At about the 22 minute point of the CNN interview, Moreno claims that Correa had been spying on him in the presidential palace through a hidden camera – that Correa actually watched Moreno on a cell phone back in Belgium where Correa now resides – but that the evidence was then hidden by technicians so that prosecution was impossible.  In other words, Moreno made an extraordinary allegation for which he had – by own admission – no evidence whatsoever. The CNN journalist (Fernando Del Rincon) didn’t challenge Moreno on the morality of making public accusations (against Correa and the supposedly devious technicians) without any evidence.  

Anyway, back to those suspicious roads, poor regions certainly were connected to the rest of Ecuador with “top notch roads” during Correa’s years in office.
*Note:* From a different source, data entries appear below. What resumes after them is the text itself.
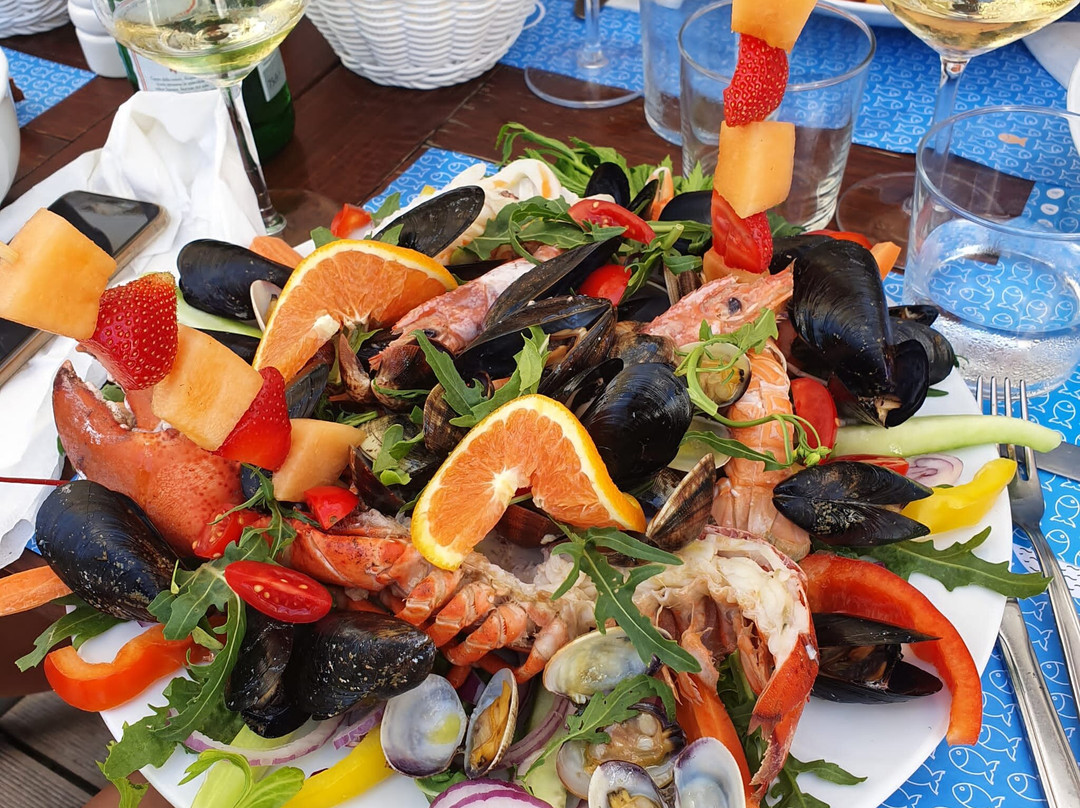 Gallanti Beach-Lido di Pomposa必去景点
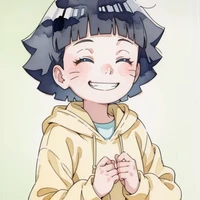 Uchiha Himawari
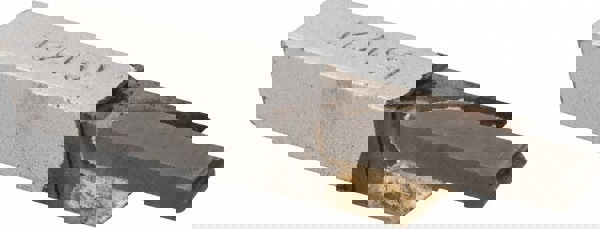 Single Point Tool Bit: 3/8'' Shank Width, 3/8'' Shank Height, Micrograin Solid Carbide Tipped, Neutral, GS, Cut-Off & Grooving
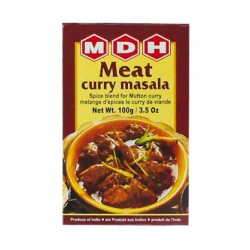 MDH Meat Curry Masala 100g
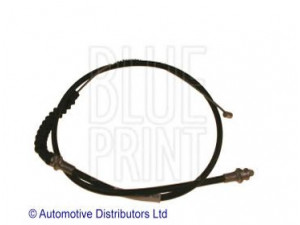 BLUE PRINT ADT34619 trosas, stovėjimo stabdys 
 Stabdžių sistema -> Valdymo svirtys/trosai
46410-35151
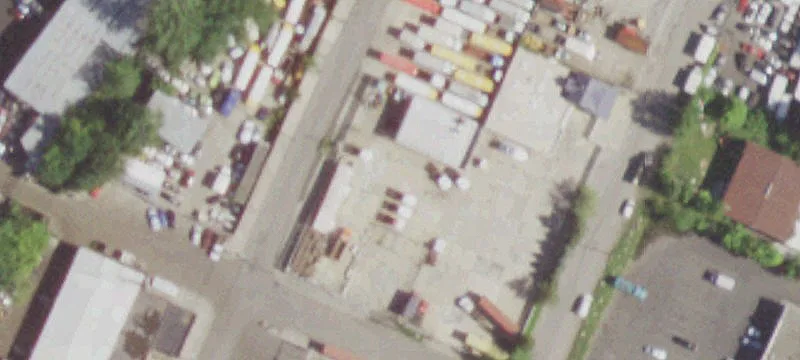 Hayes St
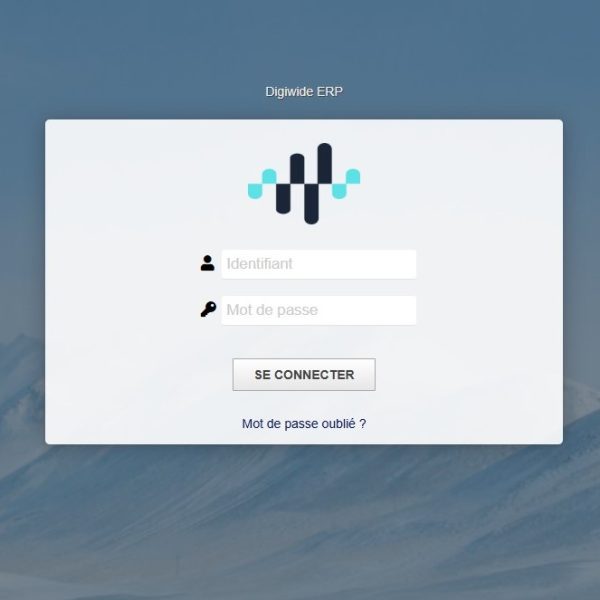 Déploiement d&rsquo;une solution ERP/CRM sur mesure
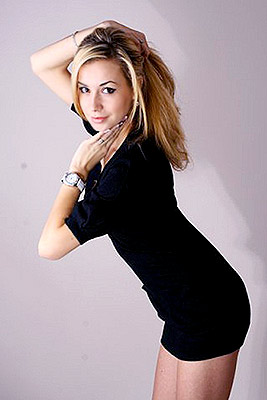 Ukraine bride Irina 32 y.o. from Ternopol, ID 71072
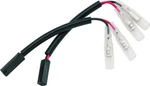 Bikemaster Turn Signal Adapter Pair Suzuki 266275. Fixed Price $26.99.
That’s why, as noted above, the hardly radical Word Economic Forum ranked Ecuador’s roads as best in the region by 2015. Aside from the stupidity of Moreno linking road construction to drug trafficking, there is quite a bit of class hatred mixed into it – as if he were saying “Why should a nowhere region like that be properly linked up to the rest of the country? They must be up to no good.” In reality, law enforcement and disaster relief (necessary in country hit that has often been hit by earthquakes and that has active volcanoes) are assisted by proper infrastructure. Ecuador’s crime rate fell significantly while Correa was in office. If you believe Moreno, crime fell in spite of all the improved roads.  

No doubt, the quality of Ecuador’s roads will decline as Moreno continues to appease Ecuador’s elite by slashing public spending. Moreno can then point to unrepaired roads – especially in poor regions of the country – as evidence of his commitment to battling corruption and drug traffickers.